- [Working data]:
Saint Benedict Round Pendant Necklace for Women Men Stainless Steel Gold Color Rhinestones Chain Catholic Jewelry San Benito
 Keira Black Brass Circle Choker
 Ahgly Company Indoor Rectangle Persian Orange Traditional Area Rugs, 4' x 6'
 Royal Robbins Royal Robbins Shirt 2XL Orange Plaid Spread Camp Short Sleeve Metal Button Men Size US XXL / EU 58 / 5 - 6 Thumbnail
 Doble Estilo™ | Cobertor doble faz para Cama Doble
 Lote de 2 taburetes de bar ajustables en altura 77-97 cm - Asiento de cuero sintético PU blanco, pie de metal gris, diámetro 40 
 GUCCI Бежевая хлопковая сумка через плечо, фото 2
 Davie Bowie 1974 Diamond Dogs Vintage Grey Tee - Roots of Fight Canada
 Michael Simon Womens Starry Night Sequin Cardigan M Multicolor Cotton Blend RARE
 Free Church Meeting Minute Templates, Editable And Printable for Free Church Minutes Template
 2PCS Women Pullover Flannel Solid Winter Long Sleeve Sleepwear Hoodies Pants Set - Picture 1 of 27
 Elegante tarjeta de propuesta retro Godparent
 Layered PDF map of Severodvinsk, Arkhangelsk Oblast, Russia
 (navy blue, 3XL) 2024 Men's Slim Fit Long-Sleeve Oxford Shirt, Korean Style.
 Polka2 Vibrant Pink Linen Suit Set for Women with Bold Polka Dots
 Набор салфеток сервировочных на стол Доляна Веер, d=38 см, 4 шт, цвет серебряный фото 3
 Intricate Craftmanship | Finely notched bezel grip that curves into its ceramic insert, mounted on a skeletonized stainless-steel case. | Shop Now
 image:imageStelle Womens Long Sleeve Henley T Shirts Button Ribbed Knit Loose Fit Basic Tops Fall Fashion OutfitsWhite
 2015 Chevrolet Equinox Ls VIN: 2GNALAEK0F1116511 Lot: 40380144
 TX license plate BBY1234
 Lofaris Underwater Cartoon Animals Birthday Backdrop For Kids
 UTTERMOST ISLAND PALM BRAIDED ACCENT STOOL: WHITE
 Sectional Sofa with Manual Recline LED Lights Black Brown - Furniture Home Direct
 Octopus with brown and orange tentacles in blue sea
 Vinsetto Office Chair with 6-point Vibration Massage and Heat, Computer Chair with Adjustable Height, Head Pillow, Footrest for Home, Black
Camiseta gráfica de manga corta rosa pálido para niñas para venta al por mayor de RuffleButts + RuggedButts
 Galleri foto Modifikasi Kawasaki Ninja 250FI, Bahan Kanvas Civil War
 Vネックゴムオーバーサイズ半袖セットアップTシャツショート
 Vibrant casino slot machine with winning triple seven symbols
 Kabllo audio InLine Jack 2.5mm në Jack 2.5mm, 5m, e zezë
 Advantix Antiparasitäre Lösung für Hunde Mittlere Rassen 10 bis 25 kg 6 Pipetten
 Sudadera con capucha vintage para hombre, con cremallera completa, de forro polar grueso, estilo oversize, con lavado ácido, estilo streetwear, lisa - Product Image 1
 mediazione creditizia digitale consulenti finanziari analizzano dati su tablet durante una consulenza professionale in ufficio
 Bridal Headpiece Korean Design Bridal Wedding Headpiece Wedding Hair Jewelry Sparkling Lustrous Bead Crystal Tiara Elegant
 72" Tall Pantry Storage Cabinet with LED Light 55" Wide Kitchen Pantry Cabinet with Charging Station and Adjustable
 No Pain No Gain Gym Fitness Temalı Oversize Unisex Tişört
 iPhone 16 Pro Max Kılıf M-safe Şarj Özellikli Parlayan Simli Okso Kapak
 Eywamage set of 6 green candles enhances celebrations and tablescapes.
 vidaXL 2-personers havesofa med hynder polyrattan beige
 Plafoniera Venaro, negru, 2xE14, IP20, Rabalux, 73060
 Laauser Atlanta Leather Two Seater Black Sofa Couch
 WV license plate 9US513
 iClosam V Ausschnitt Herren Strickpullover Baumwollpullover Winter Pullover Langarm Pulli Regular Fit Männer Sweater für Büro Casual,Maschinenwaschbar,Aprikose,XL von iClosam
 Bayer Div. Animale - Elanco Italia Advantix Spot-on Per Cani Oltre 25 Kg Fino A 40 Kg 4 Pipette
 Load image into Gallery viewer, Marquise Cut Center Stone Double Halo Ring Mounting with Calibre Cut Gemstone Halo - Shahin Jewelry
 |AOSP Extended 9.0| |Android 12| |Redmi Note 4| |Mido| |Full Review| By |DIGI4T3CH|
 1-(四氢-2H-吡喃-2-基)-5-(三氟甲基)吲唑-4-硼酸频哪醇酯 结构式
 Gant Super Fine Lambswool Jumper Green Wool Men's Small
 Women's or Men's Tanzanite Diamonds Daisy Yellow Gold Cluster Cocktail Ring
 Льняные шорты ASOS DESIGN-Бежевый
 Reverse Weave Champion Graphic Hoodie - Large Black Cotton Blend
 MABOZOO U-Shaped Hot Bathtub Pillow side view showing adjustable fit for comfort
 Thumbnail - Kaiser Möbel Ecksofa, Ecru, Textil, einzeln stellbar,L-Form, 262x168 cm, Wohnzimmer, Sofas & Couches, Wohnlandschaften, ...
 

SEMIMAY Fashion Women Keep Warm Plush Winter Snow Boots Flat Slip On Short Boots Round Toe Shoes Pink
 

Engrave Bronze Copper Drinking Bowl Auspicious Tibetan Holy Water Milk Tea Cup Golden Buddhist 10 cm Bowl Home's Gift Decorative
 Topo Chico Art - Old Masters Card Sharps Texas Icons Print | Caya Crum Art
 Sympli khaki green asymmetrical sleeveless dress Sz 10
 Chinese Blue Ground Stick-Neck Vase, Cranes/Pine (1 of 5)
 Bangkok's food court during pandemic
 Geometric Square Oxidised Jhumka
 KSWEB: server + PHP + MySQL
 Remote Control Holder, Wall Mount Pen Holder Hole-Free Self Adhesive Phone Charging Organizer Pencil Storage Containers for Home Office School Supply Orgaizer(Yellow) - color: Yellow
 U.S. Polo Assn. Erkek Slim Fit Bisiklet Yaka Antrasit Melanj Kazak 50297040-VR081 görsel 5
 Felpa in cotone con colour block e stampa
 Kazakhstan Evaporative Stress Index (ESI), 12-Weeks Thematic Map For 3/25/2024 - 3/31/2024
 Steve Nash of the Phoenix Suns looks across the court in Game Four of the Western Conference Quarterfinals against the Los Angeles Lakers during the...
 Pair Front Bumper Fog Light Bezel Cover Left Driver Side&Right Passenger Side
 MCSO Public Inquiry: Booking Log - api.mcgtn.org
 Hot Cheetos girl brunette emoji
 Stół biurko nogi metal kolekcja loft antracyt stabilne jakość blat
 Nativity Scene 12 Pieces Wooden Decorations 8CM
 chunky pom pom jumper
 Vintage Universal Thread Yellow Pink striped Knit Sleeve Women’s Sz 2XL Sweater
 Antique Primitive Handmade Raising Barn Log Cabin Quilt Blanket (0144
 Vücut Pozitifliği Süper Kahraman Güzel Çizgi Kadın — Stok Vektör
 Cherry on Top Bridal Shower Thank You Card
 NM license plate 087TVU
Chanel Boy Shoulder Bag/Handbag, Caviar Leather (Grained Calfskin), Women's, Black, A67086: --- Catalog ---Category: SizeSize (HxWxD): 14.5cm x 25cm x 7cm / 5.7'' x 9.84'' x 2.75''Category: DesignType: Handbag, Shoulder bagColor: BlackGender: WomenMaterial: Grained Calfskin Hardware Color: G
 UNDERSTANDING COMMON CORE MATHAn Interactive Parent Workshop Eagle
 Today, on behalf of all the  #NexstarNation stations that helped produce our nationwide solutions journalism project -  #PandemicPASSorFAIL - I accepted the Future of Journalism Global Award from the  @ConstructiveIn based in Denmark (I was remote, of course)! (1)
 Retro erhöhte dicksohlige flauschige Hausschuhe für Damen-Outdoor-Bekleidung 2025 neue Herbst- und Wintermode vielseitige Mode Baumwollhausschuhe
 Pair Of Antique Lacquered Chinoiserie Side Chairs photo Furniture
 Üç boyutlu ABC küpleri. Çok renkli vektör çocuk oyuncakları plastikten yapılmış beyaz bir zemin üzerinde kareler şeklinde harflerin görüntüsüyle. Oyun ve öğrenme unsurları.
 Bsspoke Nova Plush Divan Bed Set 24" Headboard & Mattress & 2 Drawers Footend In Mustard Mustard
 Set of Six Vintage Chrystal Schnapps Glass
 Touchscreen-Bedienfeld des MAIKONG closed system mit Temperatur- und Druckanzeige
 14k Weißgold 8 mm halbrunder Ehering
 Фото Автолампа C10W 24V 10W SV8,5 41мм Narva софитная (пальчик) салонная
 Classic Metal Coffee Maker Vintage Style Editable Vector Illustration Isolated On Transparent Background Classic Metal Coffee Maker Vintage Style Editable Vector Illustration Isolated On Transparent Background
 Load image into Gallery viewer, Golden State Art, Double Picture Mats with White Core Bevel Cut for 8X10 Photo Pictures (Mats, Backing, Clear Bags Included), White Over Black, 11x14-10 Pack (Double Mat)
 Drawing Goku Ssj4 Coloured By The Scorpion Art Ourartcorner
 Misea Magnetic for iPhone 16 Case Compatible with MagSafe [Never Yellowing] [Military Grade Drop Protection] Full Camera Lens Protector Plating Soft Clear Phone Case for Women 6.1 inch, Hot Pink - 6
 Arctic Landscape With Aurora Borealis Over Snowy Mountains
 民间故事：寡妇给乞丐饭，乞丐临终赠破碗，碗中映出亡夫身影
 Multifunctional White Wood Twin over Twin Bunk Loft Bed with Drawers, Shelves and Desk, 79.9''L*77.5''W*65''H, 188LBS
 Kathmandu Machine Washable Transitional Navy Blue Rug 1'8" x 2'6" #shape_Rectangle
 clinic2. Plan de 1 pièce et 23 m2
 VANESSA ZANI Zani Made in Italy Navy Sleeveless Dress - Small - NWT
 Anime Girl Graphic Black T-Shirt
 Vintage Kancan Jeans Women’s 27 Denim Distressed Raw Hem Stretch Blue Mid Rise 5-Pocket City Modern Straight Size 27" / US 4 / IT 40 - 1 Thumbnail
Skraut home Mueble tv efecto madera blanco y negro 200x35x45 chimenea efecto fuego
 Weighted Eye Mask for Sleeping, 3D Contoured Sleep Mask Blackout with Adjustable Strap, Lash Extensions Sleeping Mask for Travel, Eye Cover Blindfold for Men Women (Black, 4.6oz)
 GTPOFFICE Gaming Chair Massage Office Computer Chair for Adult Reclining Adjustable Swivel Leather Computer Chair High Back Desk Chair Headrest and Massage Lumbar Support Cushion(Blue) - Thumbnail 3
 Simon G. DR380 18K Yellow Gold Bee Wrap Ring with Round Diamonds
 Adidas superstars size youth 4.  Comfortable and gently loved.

- [Try it]:
Please state how many lines in the records contain the word "Drawers", and give only that number.

- [Completed task]:
2